About this item

Meet Money Rock -- young, charismatic, and Charlotte's flashiest coke dealer -- in a riveting social history with echoes of Ghettoside and Random Family Meet Money Rock. He's young. He's charismatic. He's generous, often to a fault. He's one of Charlotte's most successful cocaine dealers, and that's what first prompted veteran reporter Pam Kelley to craft this riveting social history - by turns action-packed, uplifting, and tragic - of a striving African American family, swept up and transformed by the 1980s cocaine epidemic.
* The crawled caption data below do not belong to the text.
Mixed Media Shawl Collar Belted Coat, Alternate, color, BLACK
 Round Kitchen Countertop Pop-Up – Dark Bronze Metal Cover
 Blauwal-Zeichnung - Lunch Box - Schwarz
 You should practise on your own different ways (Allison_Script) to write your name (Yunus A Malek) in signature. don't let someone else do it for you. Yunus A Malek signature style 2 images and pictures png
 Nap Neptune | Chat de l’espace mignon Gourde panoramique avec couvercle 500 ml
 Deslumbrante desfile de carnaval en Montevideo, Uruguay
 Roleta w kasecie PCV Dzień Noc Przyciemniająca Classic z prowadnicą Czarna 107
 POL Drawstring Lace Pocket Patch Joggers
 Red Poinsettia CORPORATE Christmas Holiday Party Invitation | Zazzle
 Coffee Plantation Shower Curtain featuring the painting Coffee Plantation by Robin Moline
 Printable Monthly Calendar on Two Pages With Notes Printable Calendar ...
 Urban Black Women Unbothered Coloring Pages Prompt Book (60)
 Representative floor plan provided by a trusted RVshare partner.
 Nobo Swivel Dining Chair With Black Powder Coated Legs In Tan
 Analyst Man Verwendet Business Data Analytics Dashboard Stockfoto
The saga begins in 1963 when a budding civil rights activist named Carrie gives birth to Belton Lamont Platt, eventually known as Money Rock, in a newly integrated North Carolina hospital. Pam Kelley takes readers through a shootout that shocks the city, a botched FBI sting, and a trial with a judge known as "Maximum Bob." When the story concludes more than a half century later, Belton has redeemed himself. But three of his sons have met violent deaths and his oldest, fresh from prison, struggles to make a new life in a world where the odds are stacked against him. This gripping tale, populated with characters both big-hearted and flawed, shows how social forces and public policies - racism, segregation, the War on Drugs, mass incarceration - help shape individual destinies. Money Rock is a deeply American story, one that will leave readers reflecting on the near impossibility of making lasting change, in our lives and as a society, until we reckon with the sins of our past.



About the Author

Pam Kelley

Pam Kelley, a former reporter for the Charlotte Observer, has won numerous journalism awards, including honors from the National Press Club and the Society for Features Journalism. She contributed to a subprime mortgage exposé that was a finalist for the 2008 Pulitzer Prize for Public Service. She first wrote about Money Rock as a courts reporter covering his trial in 1986. She lives in Cornelius, North Carolina. This is her first book.